Out along the freeway they're erecting these bloody great wooden
walls, 4 to 5 metres high, accoustic barriers to cut down on the road
noise that permeates the surrounding suburbs. In a trial, the
university checks out the noise-attenuating properties of the walls,
placing microphones in strategic places, etc., all according to the
rules for a proper, scientific, experiment.

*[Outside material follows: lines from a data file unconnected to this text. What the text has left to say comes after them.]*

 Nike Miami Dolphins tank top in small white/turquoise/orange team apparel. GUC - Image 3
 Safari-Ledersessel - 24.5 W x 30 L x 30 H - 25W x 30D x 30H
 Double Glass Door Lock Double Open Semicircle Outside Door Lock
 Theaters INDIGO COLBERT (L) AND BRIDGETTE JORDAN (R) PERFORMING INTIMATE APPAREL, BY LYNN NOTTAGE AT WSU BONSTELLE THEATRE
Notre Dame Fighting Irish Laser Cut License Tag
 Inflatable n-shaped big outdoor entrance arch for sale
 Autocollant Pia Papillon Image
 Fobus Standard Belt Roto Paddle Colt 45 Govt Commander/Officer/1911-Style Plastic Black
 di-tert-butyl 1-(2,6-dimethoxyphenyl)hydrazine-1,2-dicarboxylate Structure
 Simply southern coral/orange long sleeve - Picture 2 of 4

Zilch, is the answer. The walls have no sound-deadening effect in the
houses and backyards, zero, none whatsoever. Indeed, where the walls
curve around corners, there are places the road noise is actually
amplified.
But the residents love the barriers. 'Up goes a wall,' they say, 'and
down goes the traffic noise. We can tell. We live here, and that is
our experience. Reduced accoustic pollution.' The wall-building
program goes on, costing millions. The residents adore their new
'quiet', swear by it. The accoustic scientists pack their equipment
and charts, slink back to the campus.
Human perception is the instrument we rely on to secure recognition,
recognition, for example, that an event in the sequence is
sufficiently abnormal to signify that the 'error chain' has taken
charge. Yet we know the measuring instrument is totally unreliable.

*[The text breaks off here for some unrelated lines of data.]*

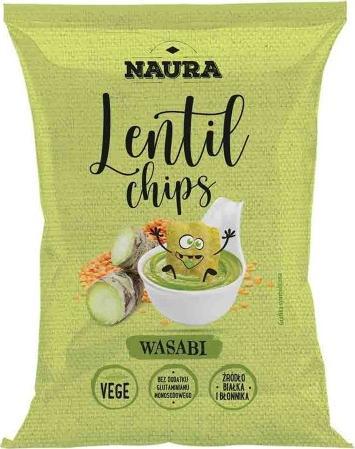 Naura Chrupki z soczewicy Wasabi 70 g 1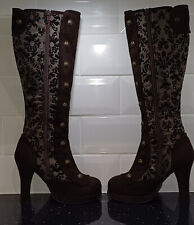 Ladies demonia boots for sale  BRISTOL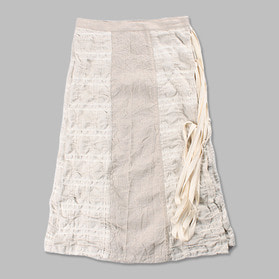 ARMEN Linen Wrap Skirt
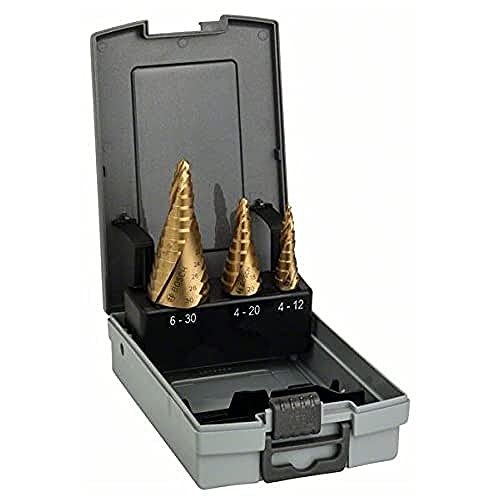 Bosch 2608587432 - Assortimento Punte a Gradini HSS-TIN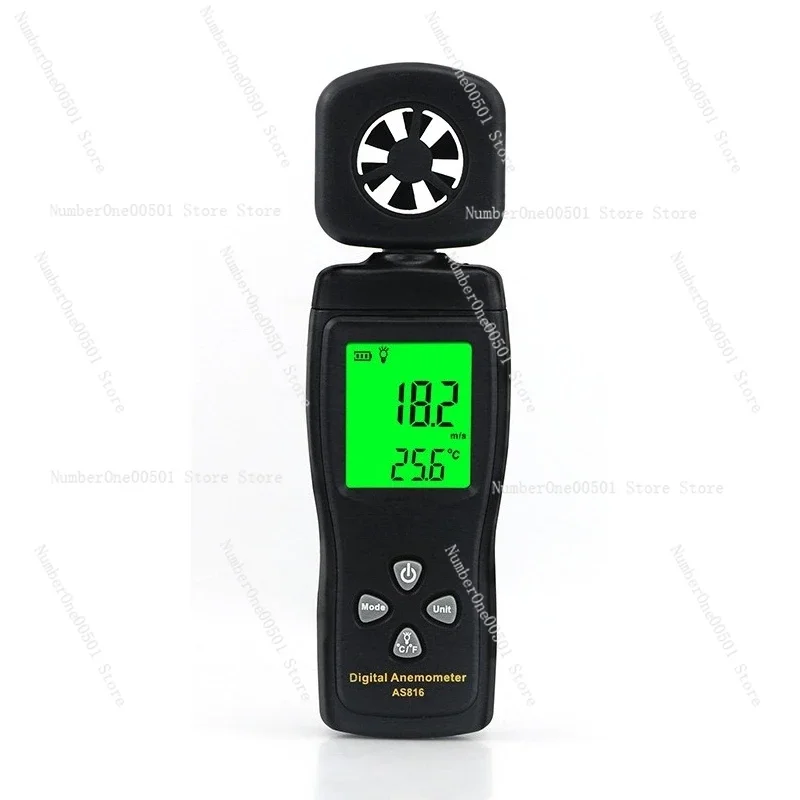 AS816 Handheld Vane Anemometer Wind Speed Temperature Tester Industrial Wind Meter Portable Air Flow Detector -095
AS816 Handheld Vane Anemometer Wind Speed Temperature Tester Industrial Wind Meter Portable Air Flow Detector -095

How can we, then, claim to use it - judgement - to enhance safety?
Calibrate it. I know the mechanism that distorts judgement, in these
matters. I learned that through practice. I can lead other pilots
through the same exercises, letting them discover their own
'recognition-blocking' tendency. It's all done, in vitro, in an
empirical environment. You replicate key sensations so that they can
be observed in such a way as to supply the learning experience. And it
works. If people learn, through such real, personal, experience, the
influences that corrupt their perception, they enhance accuracy and
reliability factors in their judgement. They improve recognition.

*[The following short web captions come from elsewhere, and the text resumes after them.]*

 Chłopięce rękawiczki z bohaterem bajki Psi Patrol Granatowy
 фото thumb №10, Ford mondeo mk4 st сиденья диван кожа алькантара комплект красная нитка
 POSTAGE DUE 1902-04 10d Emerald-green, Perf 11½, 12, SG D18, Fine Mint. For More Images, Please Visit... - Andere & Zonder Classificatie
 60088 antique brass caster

Late night in the Southern ocean, mid-winter, the DDG is pitching and
rolling, it's freezing cold in the ward room, this is no place for a
sensitive Air Force pilot! (They don't even have proper beds on this
tub!) Salvation exists in the form of an artificial fireplace nestled
in the wall. We huddle around it, hands stretched out to the warmth. A
pile of plastic 'coals' glows in the grate of this life-saving piece
of kitsch.
One of the Navy officers leans forward, flicks a switch. The coals
die. Instant chill! I snarl through chattering teeth, 'Turn the bloody
thing back on.' They all fall around laughing, him and the other naval
blokes. 'Idiots!' I think, 'The terrible legacy of recruitment from
amongst the lower classes.' Later, they point out that the heat source
is actually a three-bar radiator below the 'fire', that the switch
merely turned off the light bulb behind the 'coals', took out the
visuals, so to speak, the heat having remained on throughout. Sure
fooled me.
Good experience, though. You can only learn about the things that go
wrong with our judgement through experience. Talking about it, hearing
about it, watching videos, none of that will do it. You must
experience it, in a controlled environment, with the 'background
noise' of familiarity and old habits tuned all the way down.
'Enhance accuracy and reliability factors in judgement'. Isn't that
what we are trying for? Exposure to training like this is damned
uncomfortable, hence its lack of popularity. But it must be done.
So much for 'recognize'. I'll leave 'respond' to you, Vince.